And so I applied to be a ghoul at the “Haunted Cavern,” because maybe I wouldn’t find purpose in my work, but hell…scaring people for money sounded like something I could at least try my hand at. (It was closer to my eventual profession as teacher than I’d realize)

With a couple of years of local theater productions under my belt, I landed a main character role in the scaring show. I was one of two women chosen to be the “dead mother” in a background story of deranged family members eating people or something similar. The lady who was my partner in the ride was very in character. I seem to remember that there was a lot of dead-eye staring at all hours.

There was always an abundance of time before the haunted house opened each night.

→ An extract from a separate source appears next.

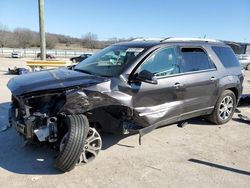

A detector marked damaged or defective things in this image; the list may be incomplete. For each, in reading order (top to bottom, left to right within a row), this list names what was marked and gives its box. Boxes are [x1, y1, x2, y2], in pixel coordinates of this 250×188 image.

crumpled hood [7, 68, 109, 95]
damaged silver suv [8, 37, 244, 171]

We would get on-site before dark, dress in 10 minutes, and then wait two hours for darkness to fall, the lines to queue up, the monies to be exchanged and our first group to be let through (followed without pause by group after group until hours later: feast or famine) But in the interim of dressing and waiting, there was a lot of time. I filled it with paperbacks, but also with watching our resident horror makeup artist transform us from relatively normal faced into open wound bearing, black puss dripping baddies.

The makeup guy was named Begunich, and my sheltered adolescence had never encountered anything quite like him. He had long hair, winding down his back, and a grisly almost foot long beard. He was covered in tattoos, had huge gauges, and always wore a back turned cap. He also did not give a fuck about any of us or anything but making the makeup on all of us look absolutely awful, impressive and resume worthy. At which attempts he was flawless.

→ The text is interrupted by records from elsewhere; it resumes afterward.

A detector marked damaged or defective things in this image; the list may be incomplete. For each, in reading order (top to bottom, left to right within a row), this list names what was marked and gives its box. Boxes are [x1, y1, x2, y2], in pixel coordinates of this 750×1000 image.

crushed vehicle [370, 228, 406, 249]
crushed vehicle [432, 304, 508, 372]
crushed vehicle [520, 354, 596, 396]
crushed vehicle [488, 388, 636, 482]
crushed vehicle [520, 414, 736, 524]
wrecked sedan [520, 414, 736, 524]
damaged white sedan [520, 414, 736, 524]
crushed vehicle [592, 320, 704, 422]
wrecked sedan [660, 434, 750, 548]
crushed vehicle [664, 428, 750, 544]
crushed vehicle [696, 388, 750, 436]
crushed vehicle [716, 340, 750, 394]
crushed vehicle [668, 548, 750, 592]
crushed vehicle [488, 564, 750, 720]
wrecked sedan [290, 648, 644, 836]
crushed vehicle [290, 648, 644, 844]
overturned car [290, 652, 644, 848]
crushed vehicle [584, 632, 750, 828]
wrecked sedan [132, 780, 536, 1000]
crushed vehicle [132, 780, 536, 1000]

Obviously, he was totally my type.

If my vision had been a little clearer, perhaps I could have steered clear of making myself such a fool, but what can I say? I was hooked in by the sideshow and its disdain for critical review. Perhaps, I wished to be so untouchable from judgement while simultaneously so effortlessly talented. I was sure that Begunich would show me how.

I was kidding myself. From the moment I sat in the makeup chair and he put his rough hands on my flushed girl cheeks, it was a fool’s errand. I was dismal in hiding my intrigue with him and his skills, asking questions non-stop about the make-up process. He showed me a few basics, enough to get me by with Halloween costumes, but he was also openly abrasive, rough with my face in application and makeup removal and more often than not “Mean” with a capital letter.

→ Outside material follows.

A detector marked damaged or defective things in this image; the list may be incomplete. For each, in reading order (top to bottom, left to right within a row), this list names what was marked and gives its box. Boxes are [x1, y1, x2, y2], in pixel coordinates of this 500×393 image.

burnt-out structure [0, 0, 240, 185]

My thoughts were not worth hearing to him except for comedic purposes. I was frequently dismissed, cursed at, and ignored. Perhaps my obvious crush disconcerted him, but the behavioral response was on par with bullying. Like all misunderstood, angry men, he wrote verse that he was proud enough to reveal when encountering other self-proclaimed “writers. 18, mind you, and I was writing poetry for a creative fiction class. I was stupid enough to reveal this and Begunich surprised me by asking to read a sample.

The day I brought it in, my heart was hammering. ‘Go big or go home’ as some kind of deathwish mantra, I’d written an exceedingly awful poem about him and how he used make-up to make us actors into different identities each night. Think SYMBOLISM all over the place. I don’t remember reading it aloud to him. I can’t see myself being that brave. In memory, I handed him a notebook and his eyes flicked across the page, back and froth, his mouth a tight, thin line, his eyes unreadable.

This part of memory is painful, and so I’ve dulled its edges with forgetting. I’m not sure if he scrawled the words immediately after the read in my own notebook of shame (this seems true) or he handed me the rebuttal in folded paper note form the next day. Either way, the result was the same.

He wrote a poem in response to my awful emotional sharage. It was short. It was a hip thing to do. And it was the cruelest piece of writing to assault me.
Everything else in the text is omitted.